From 2D to 3D: WS2/MoS2 heterostructure in-situ anchored on Ti3C2Tx MXene with enhanced ion/electron migration and sodium storage at −20 ℃

Abstract

Layered transition metal dichalcogenides (TMDs), featuring robust electrochemical activity, high capacity, and large interlayer spacing, have attracted widespread interest in research on sodium storage. However, the limitations in dynamics and structure expansion lead to degraded cycling life and rate capability, especially in cold climate with low temperatures. Generally, heterostructure engineering, combined with conductive matrix, gives a promise towards enhancing electronic transportation, accelerating ionic diffusion, and alleviating large structure change of layered TMDs upon sodium storage. Herein, a robust WS2/MoS2 heterostructure, rendering ultrafast charge transfer, is presented, and further hybridization with layered conductive Ti3C2Tx MXene results in three-dimensional crosslinked nanoarchitectonics, leading to electrochemical performance at 25 °C and -20 °C, which shows only 0.03 % capacity degradation per cycle up to 2800 cycles at 2.0 A g−1 (25 °C).

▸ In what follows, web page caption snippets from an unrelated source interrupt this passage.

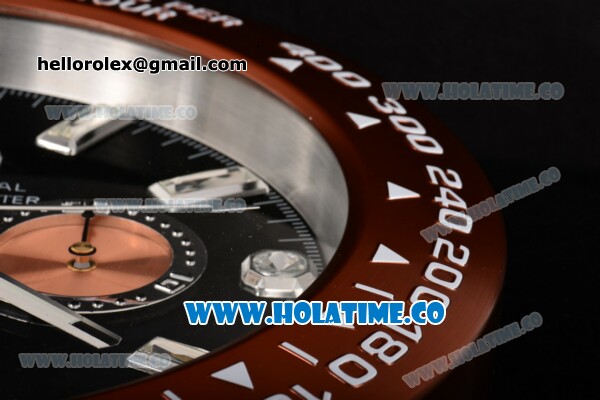 Rolex Daytona Swiss Quartz Rose Gold Case with Black Dial Stick Markers Wall Clock - Click Image to Close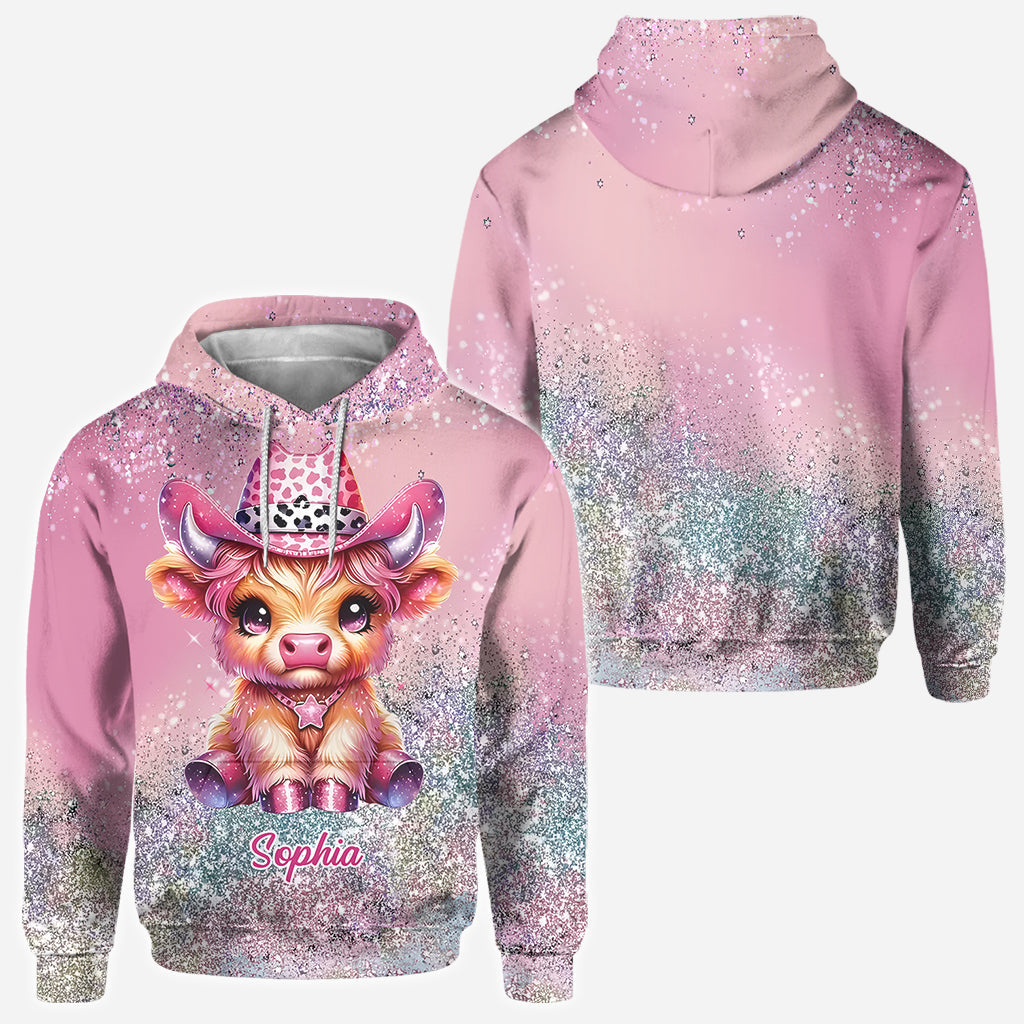 Niedliches Hochlandrind - Personalisiertes T-Shirt mit Hochlandrind-Allover-Print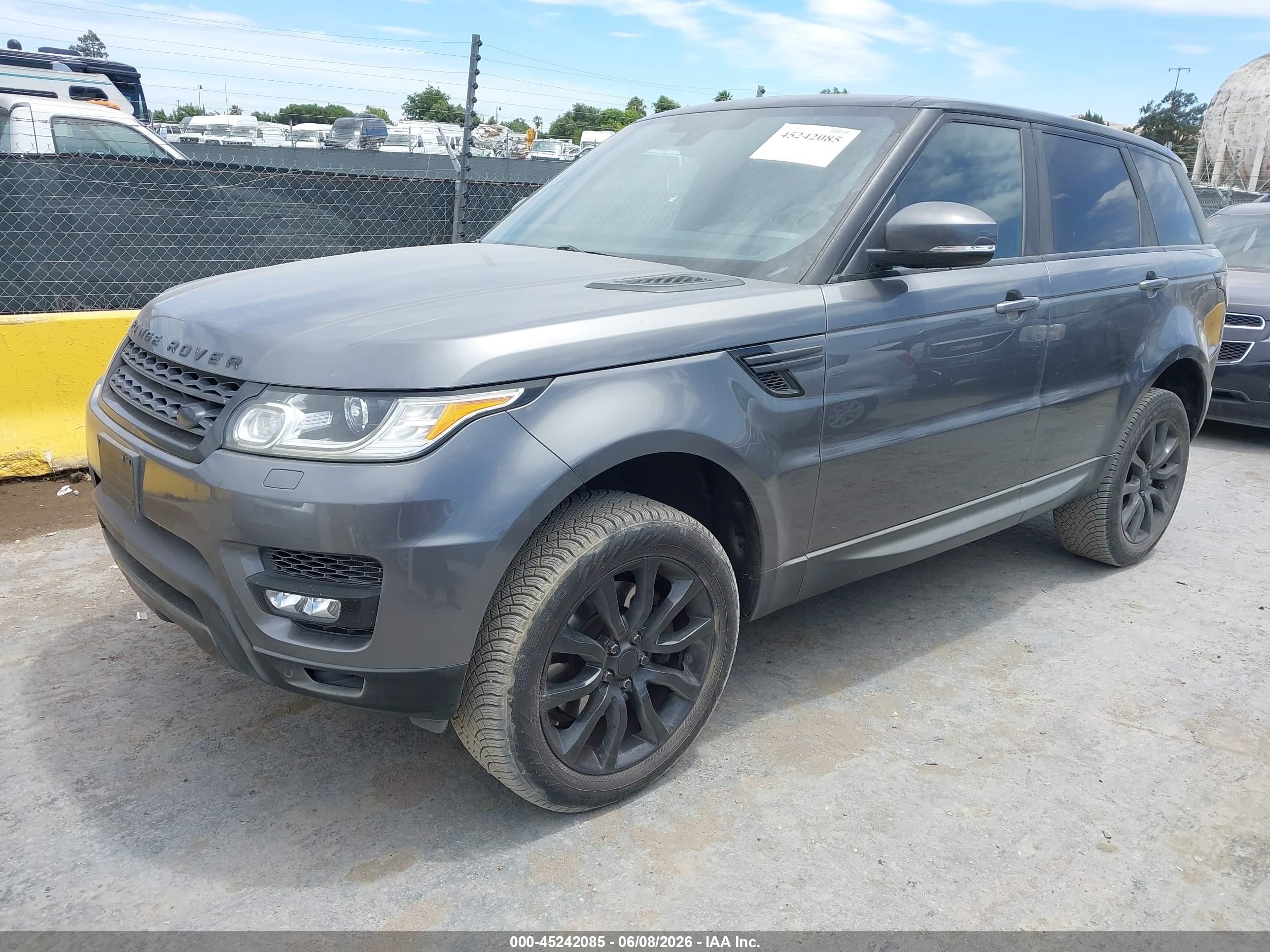 2015 Land Rover Range Rover Sport VIN SALWR2VF4FA612786 IAAI salvage auction — Top/Roof, Salvage (California), sold $3,850 on 2026-07-02 (photo 2)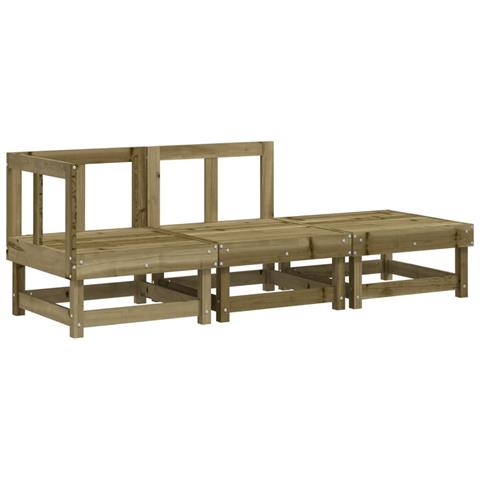 Set Salotto da Giardino 3 pz in Legno Impregnato di Pino - Foto 1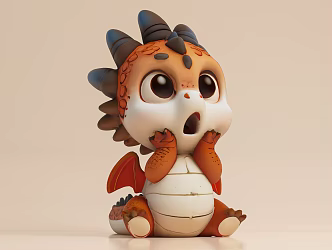 Dragon Fire Dragon Cartoon Hand-made American Chen Ornaments Toy Art Ornaments Creative Decoration Doll Game 3d model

Strikingly, the desired WS2/MoS2/Ti3C2Tx exhibits a high capacity of 293.7 mAh g−1 (100 cycles) at 0.1 A g−1 even at −20 °C. Besides, density functional theory calculations further manifest the decreased sodium diffusion barrier and facilitated charge-transfer dynamics in the designed heterostructure with Ti3C2Tx. More importantly, this work not only represents the correlation between structure and performance for target electrode, but also provides a deep insight for the rational design of heterostructure/Ti3C2Tx MXene for next-generation high-performance electrode materials.